He followed her, carefully watching how she put her feet down on the grey painted concrete floor. There was a definite limp on her right side, he decided.

“The doors have just been installed,” Pepper was saying, as he dragged his attention from her long legs back to the present. “New code, 65147, until you set it to your liking.” She tapped it in and opened the glass door. Same damned doors as before, Tony noted. The steps curved up to the right, though, which threw him a little.

Not that everything since the plane had touched down hadn’t thrown him so comprehensively off balance that he’d barely spoken two dozen words. And most of those he’d managed to offend Pepper with. She was all bright and brittle, her face hidden by that curtain of hair.
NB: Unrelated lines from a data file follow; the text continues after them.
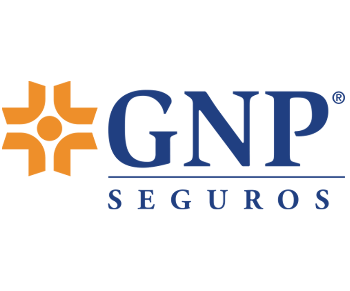 GNP Seguros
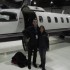 visite de skyservice!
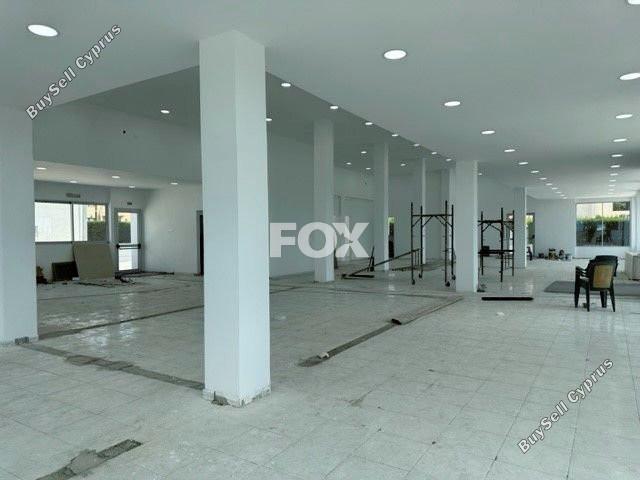 studio commercial building for rent mesa gitonia limassol 1379296 image 6361564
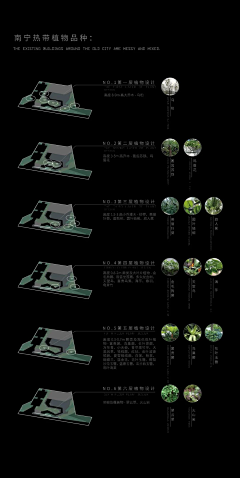 Amos-Zhang采集到理念图片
At the top of the stairs, he paused and looked around. It was similar, yet totally different to the old place. Same cream carpet, computer interface on the wall, broad expanse of glass, long sofas facing the LCD tv on the wall. But the curve was different, the ceiling a strange height, the waterfall was conspicuously absent, and the piano was on the wrong side of the stairs.

“Damn,” she paused at the foot of the stairs. “I meant to get you to park outside the front door, so I could get Eliot to bring the bags up.” She sighed.

“I’m quite capable of fetching my own bags,” Tony stopped her as she went to turn back down into the workshop.

“Really?” One blue eye regarded him in surprise, the other hidden behind the sheet of hair. “Jarvis, lights up around the house. Come this way Mr Stark.”

Now she was twisting the knife in his heart. He followed her upstairs on leaden legs, the colour bleeding from his view. The beautiful interior of this new house was now monochrome and he followed her aimlessly, nodding as she showed him the games room, gym, various suites of bedrooms and finally, to his own bedroom at the far end of the top floor, overlooking the dark expanse of ocean. The faintest hint of twilight hung over the horizon but it was no more than a smudge against the darkness.

“Dinner will be served at 8 o’clock,” Pepper informed him, moving to the door.

“Wait, Pepper.” He turned to look at her. “I… how are you?”

“I am fine, thank you.” She gave him a fake smile. “Perfectly fine.”

“Will you be joining me for dinner?”

“No.” She shook her head. “I have some work I need to finish. If that will be all?”

That’ll never be all, Tony thought, nodding slowly. He watched her walk out of the room and felt all the strength go out of his legs. The bed was right behind him and he sat heavily on it. Everything she’d done for him, since he’d gone, was phenomenal. This house, the work she’d put into it, the organisation – it was unbelievable. But she was so cold.

 

Pepper lifted the trunk lid on the Audi and looked at the three large bags. There was no way she could lift those.

“Dummy, come here,” she ordered, and the bot obliged. “Lift those bags and place them in the elevator please.”

Why she bothered to say please to a bot, she could never figure out, but she did and would continue to do so. It was just one of those things. Once all the bags were in the elevator, she locked the car, ensured the access ramp was sealed and journeyed with the bags up to the main floor.

Eliot was waiting for her, and he scooped the three big bags up as if they were no more than pillows.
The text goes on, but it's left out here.